I am looking for new quarter panels for my 64 gto.I have already ordered from opg and goodmark through a Cincinnati area parts dealer.The quality of the sheet metal stamping is terrible.Does anyone know where I can get decent quality quarters.I would appreciate any help. Thanks Jack


----------



## Pinion head (Jan 3, 2015)

There are no high quality repro 1/4's for the '64 and '65's, just one hip style repro quarter that's been out for a long time and takes a lot of work to work. Most owners restoring high end '64 and 65's will source clean cutoff full 1/4's from out west, then break them down at the spot welds.


----------



## js64gto (Oct 30, 2013)

*64 quarters*



Pinion head said:


> There are no high quality repro 1/4's for the '64 and '65's, just one hip style repro quarter that's been out for a long time and takes a lot of work to work. Most owners restoring high end '64 and 65's will source clean cutoff full 1/4's from out west, then break them down at the spot welds.


That's what I was afraid of.Thanks js64gto


----------



## Pinion head (Jan 3, 2015)

js, the '64-65 hip 1/4's have been avail for nearly 30 years. As these hip quarters are not stamped on a very expensive investment quality die, they don't exhibit the clean stamping of the originals. Over the years, I've hauled numerous of the '64-65 hip quarters home from up north at swappers at Nationals, to help save shipping for friends who were restoring early GTO's and replacing lower 1/4's on their drag cars. on one occasion I was able to examine a passenger side after it was installed and before bodywork.There have always been issues with them, and they took work to get a really nice end result. 

As have not examined these repro 1/4's in a while, its a good possibility that the last few production runs are worse as the dies are showing wear. That is typical and one will even run across it occasionally with nos panels. With such a low number of '64 and 65's 2 door LeMans having been built, and so many having been restored (or cloned into GTO's), I doubt there will be a huge investment to make some high quality dies for the 64-65's. That stated, AMD is working on having dies made to make quality reproduction 1/4 panels for the '66 and '67's. You might ck with AMD in Georgia and see how much interest there is for a quality reproduction for the '64 and 65's. Hope this helps.


----------



## js64gto (Oct 30, 2013)

Thanks,I'll try them.


----------



## Richard Boneske (Jul 29, 2008)

If you can use them, I have both sides of '64/'65 quarter panels never put on car.
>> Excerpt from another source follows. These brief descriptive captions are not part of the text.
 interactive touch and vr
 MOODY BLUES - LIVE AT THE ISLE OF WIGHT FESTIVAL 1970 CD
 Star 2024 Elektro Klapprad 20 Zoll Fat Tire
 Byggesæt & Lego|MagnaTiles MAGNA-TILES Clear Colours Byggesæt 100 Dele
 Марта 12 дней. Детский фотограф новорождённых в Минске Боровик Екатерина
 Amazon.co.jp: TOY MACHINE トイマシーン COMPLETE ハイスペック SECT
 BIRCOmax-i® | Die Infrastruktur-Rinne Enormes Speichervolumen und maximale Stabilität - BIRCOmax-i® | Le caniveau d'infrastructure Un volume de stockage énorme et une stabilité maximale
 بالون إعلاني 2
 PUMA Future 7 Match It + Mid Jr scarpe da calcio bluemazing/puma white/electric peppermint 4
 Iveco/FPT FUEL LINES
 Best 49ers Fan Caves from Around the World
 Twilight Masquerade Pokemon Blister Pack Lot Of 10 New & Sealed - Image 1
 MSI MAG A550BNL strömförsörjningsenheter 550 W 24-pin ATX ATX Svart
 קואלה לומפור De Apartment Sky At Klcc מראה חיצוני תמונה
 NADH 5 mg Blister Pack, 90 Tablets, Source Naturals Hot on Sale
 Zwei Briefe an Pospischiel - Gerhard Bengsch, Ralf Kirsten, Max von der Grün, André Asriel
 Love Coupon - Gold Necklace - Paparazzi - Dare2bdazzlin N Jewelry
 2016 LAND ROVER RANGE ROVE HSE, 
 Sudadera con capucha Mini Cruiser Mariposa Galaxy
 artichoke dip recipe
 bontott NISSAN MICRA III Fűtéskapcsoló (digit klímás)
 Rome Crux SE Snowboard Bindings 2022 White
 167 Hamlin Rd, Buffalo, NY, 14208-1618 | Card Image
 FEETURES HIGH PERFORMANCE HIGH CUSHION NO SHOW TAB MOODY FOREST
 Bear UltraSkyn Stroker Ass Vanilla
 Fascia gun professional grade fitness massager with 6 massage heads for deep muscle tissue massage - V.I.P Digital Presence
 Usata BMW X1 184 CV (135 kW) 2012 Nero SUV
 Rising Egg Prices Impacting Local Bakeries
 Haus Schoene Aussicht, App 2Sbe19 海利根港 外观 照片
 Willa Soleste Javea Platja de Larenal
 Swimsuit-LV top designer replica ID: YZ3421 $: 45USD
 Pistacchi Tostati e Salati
The body shop cut out only the wheel opening edges--less than 1" up into the flat part of the quarter panel. I also have a new passenger side with only the top edge cut off where someone repaired damage on their upper ledge. 

Price of repros is $295 each. You could have all three pieces for $100. 

If you're anywhere near Winneconne, Wisconsin, this could work.


----------



## js64gto (Oct 30, 2013)

Where did you get your quarter panels and how long ago?Thanks,Jack


----------



## Richard Boneske (Jul 29, 2008)

The left and right with part of the wheel opening cut out are Goodmark purchased by the body shop in April. The other passenger side panel with the top edge cut off was purchased in 2014. That's the one shown in the pictures. 

If you want other pics, let me know.

Thanks,

Dick Boneske


----------